§ **EXTRACTED MATERIAL**
===============
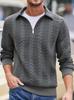 Half-Zip Stand Collar Cable Knit Men's Pullover Hoodie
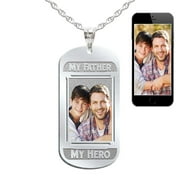 Picturesongold.Com My Father, My Hero Necklace Pendants Adult-3/4 inch x 1-1/4 inch -Sterling Silver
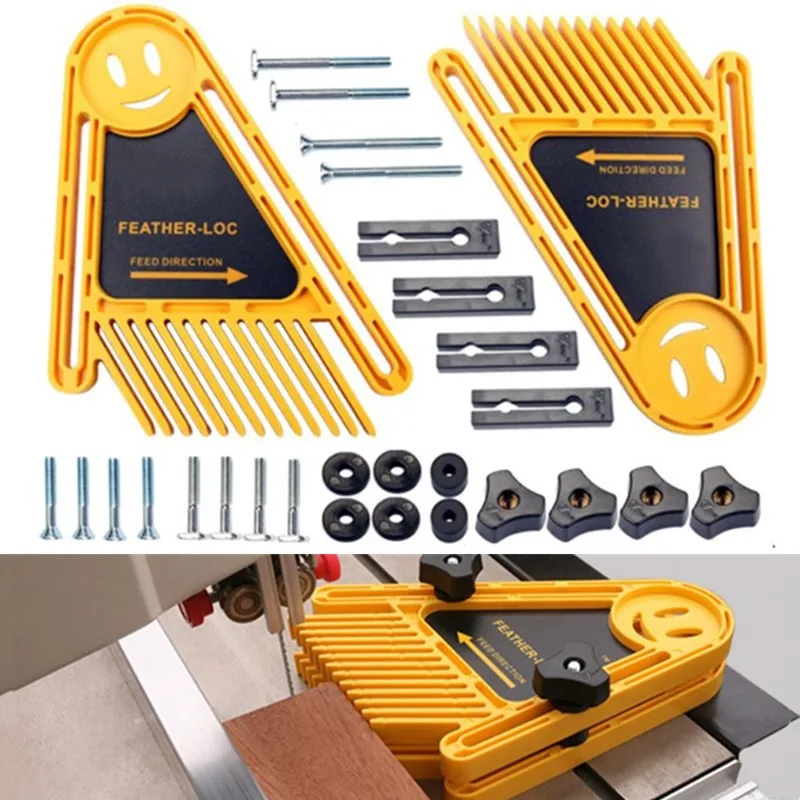 2 Pack Feather Board Double Feather Loc Board Adjustable Woodworking Safety Table Saw Push Block for Tablesaws and Router Tables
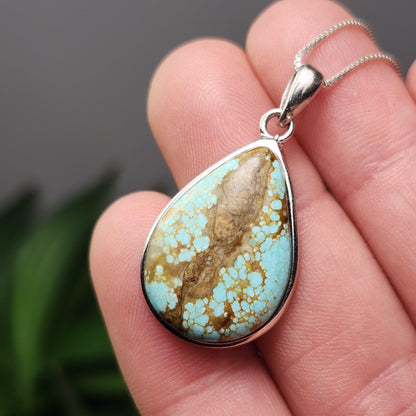 Nevada Turquoise Pendant, Sterling Silver Polished Turquoise Necklace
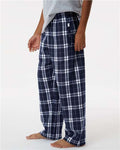 Boxercraft BY6624 Navy/ Silver Plaid — on model side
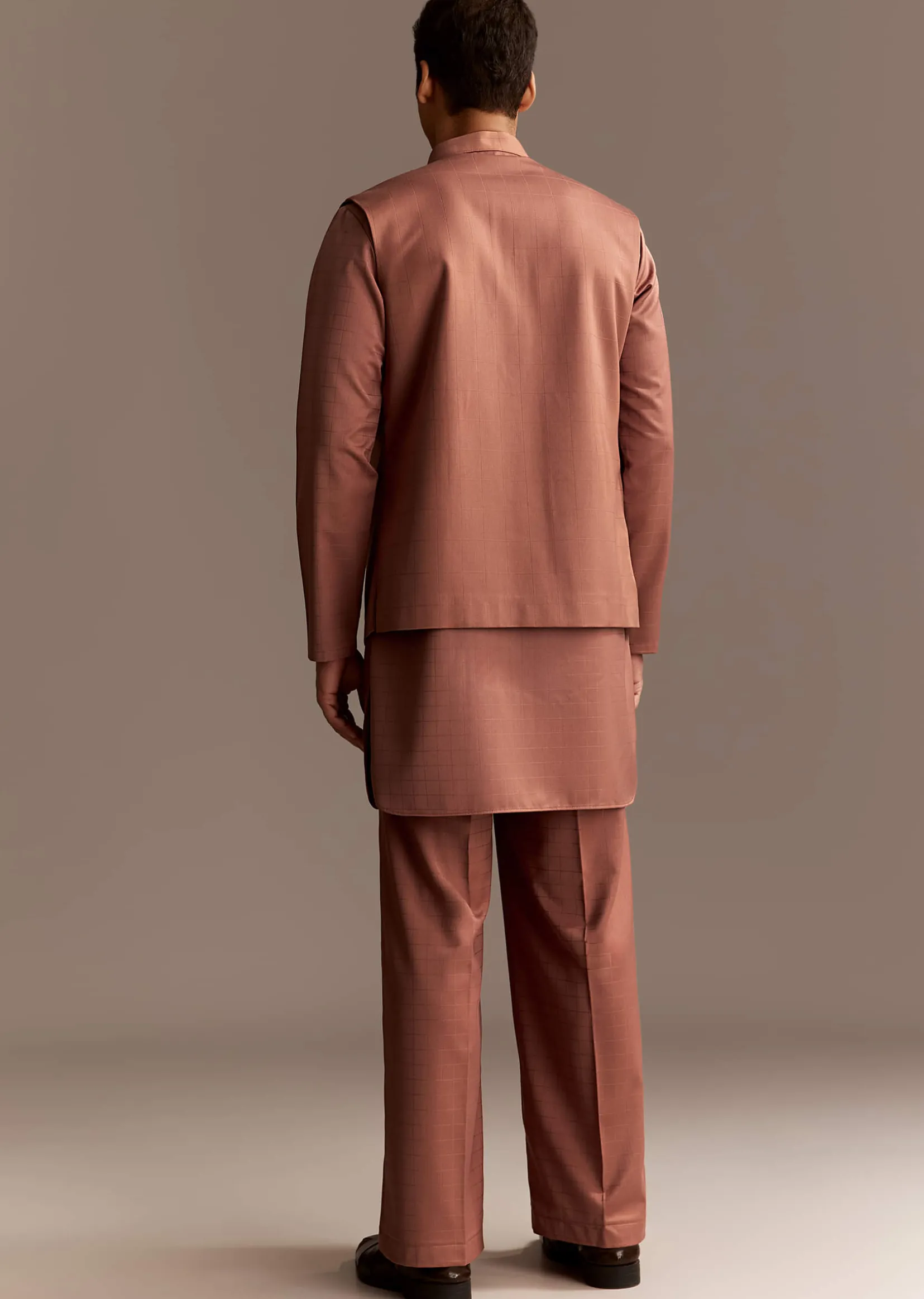 Rust Kurta Jacket Set With Palazzo Pants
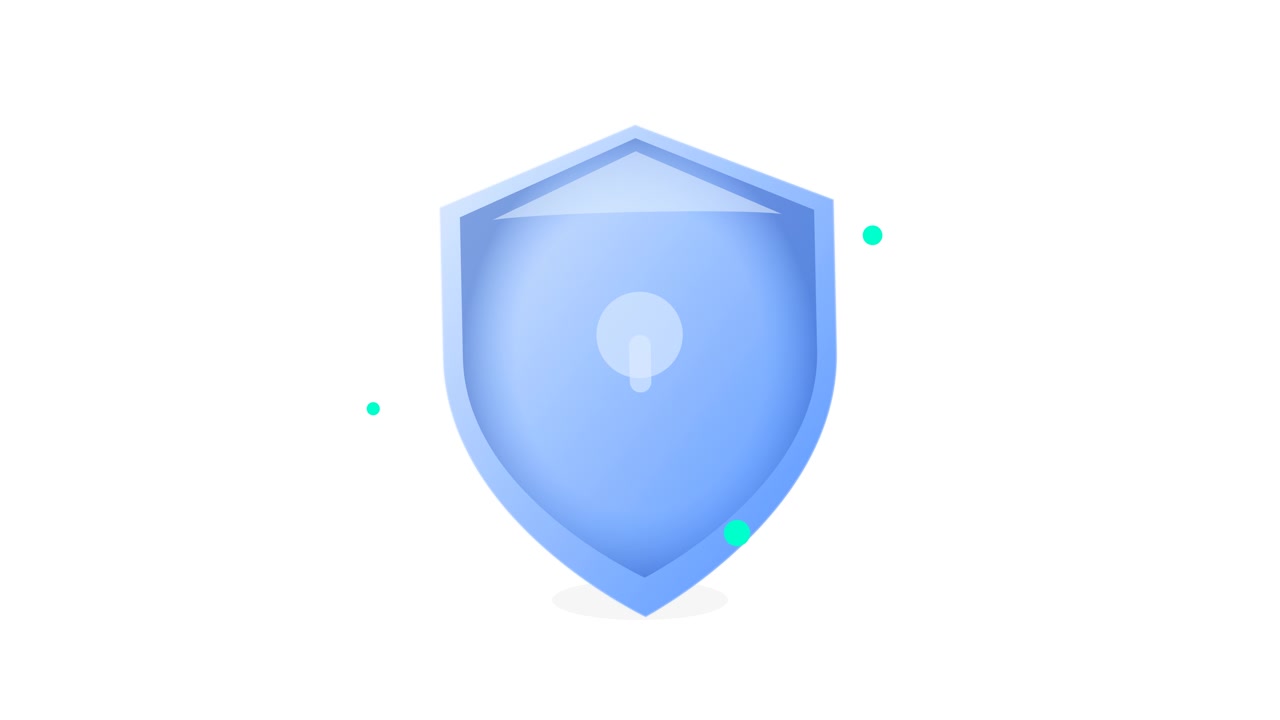 Animated Blue Shield Icon Representing Cybersecurity and Protection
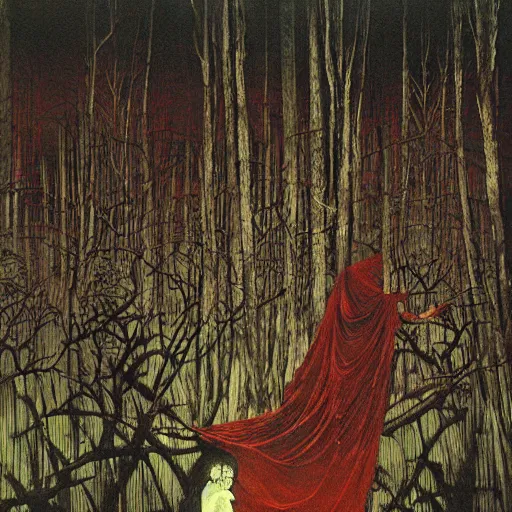 Image similar to a cult ritual in a dark forest, high detailed beksinski painting, by adrian ghenie and gerhard richter. art by takato yamamoto. masterpiece, deep colours.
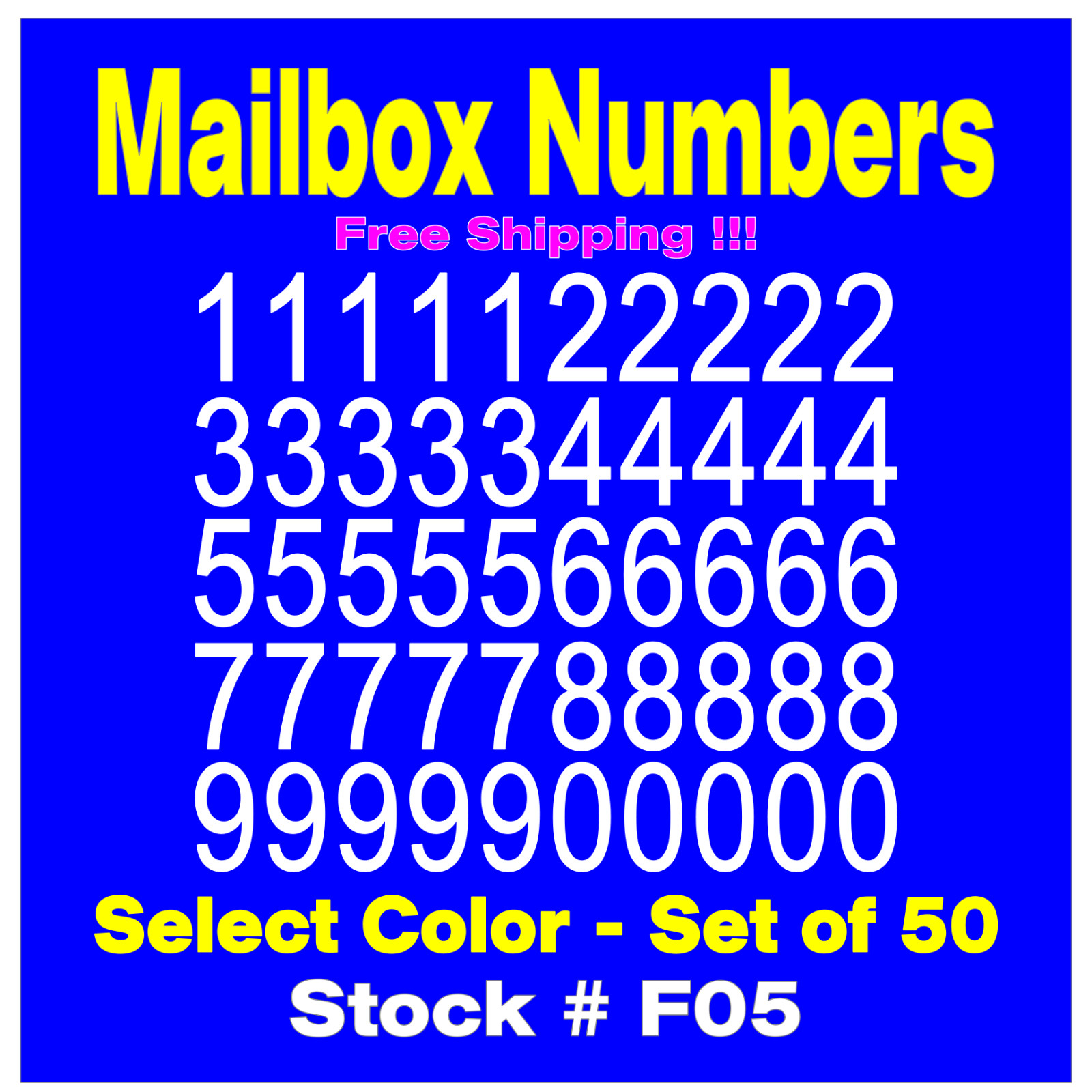 Mailbox NUMBER Vinyl Decals Set of 50 Numbers SIZES 1/2" up to 4" STK# F05
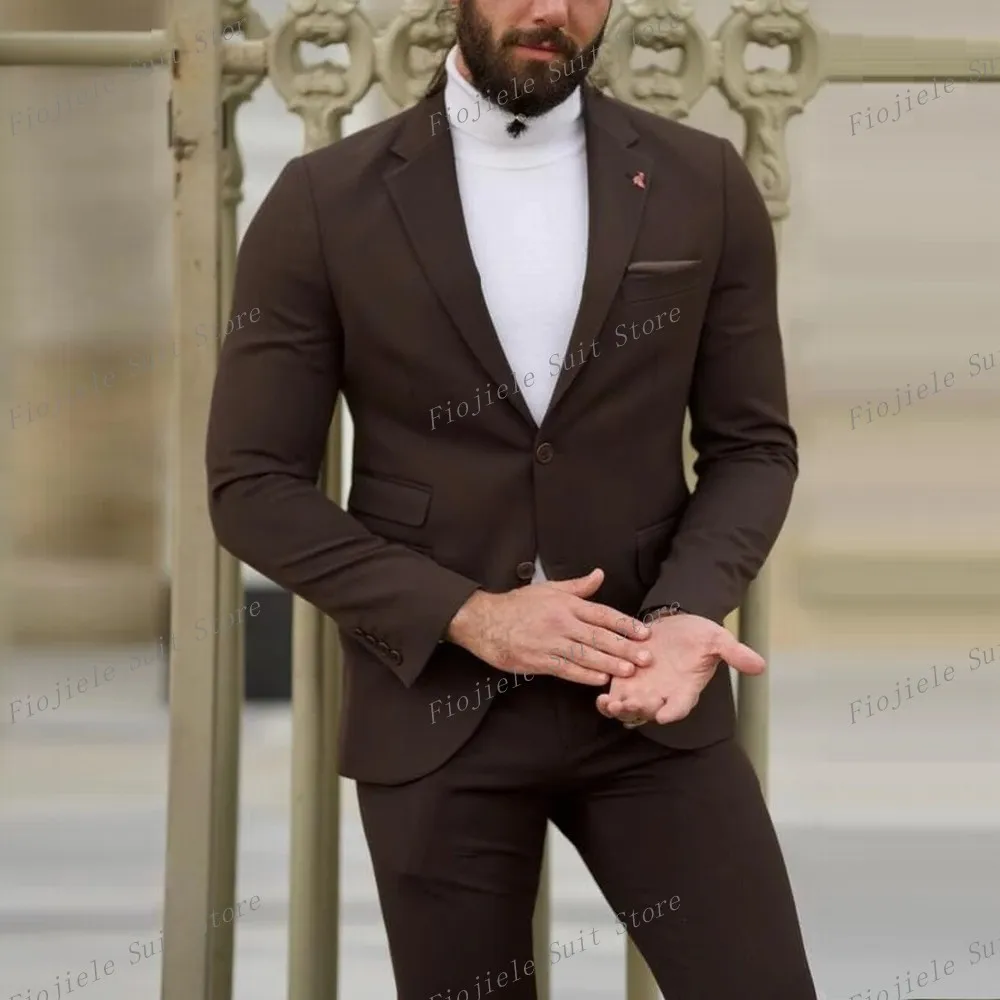 

New Male Brown Business Formal Occasion Tuxedos Groom Groomsman Wedding Party Prom Men Suit 2 Piece Set Blazer Pants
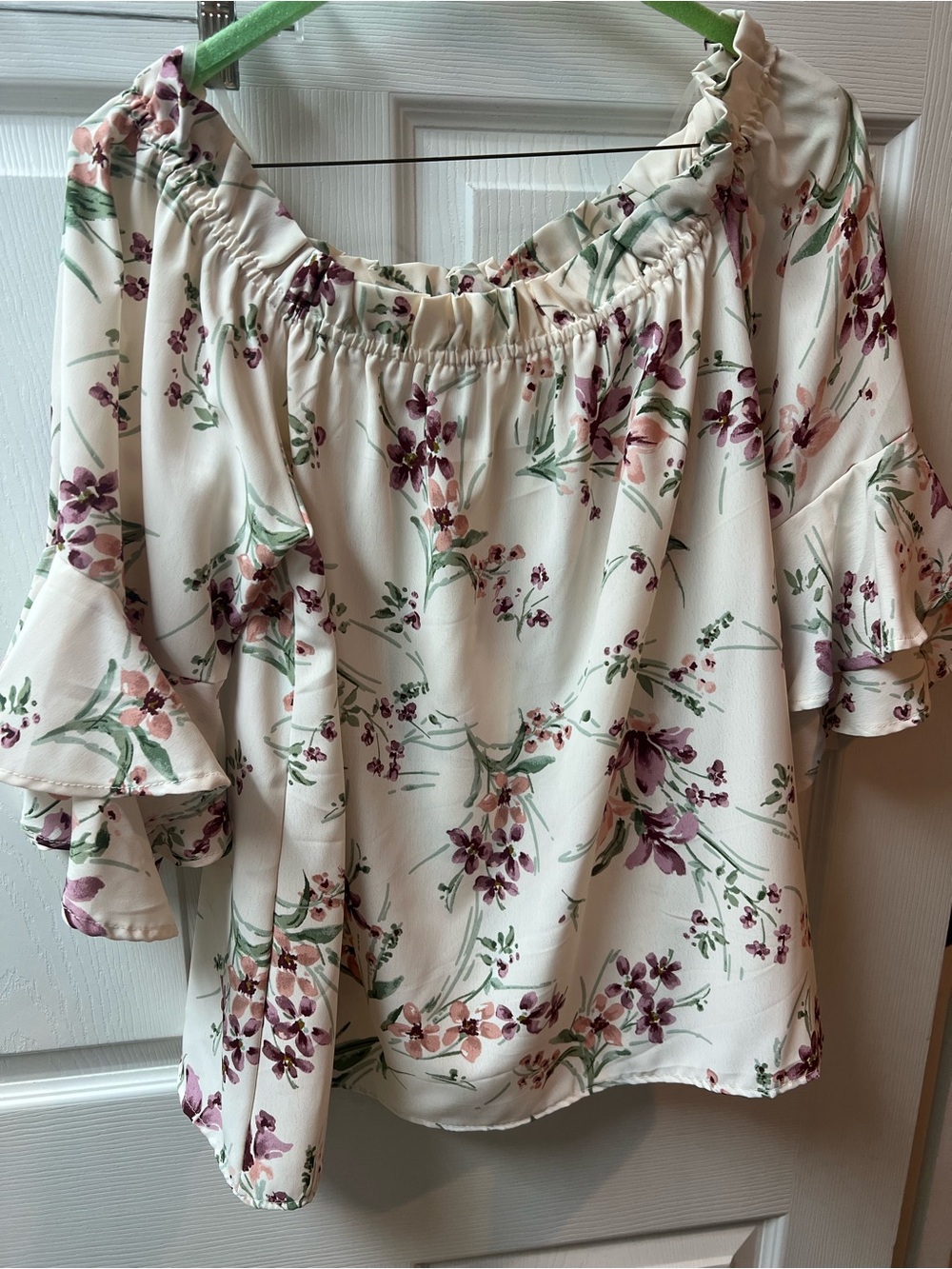 Vine & Love Cream Off-Shoulder Blouse with Purple Floral Print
===============
Transcribe the entries from their first line to the line that holds "Rust Kurta Jacket Set With Palazzo Pants", both included, and skip every picture.

 Half-Zip Stand Collar Cable Knit Men's Pullover Hoodie
 Picturesongold.Com My Father, My Hero Necklace Pendants Adult-3/4 inch x 1-1/4 inch -Sterling Silver
 2 Pack Feather Board Double Feather Loc Board Adjustable Woodworking Safety Table Saw Push Block for Tablesaws and Router Tables
 Nevada Turquoise Pendant, Sterling Silver Polished Turquoise Necklace
 Boxercraft BY6624 Navy/ Silver Plaid — on model side
 Rust Kurta Jacket Set With Palazzo Pants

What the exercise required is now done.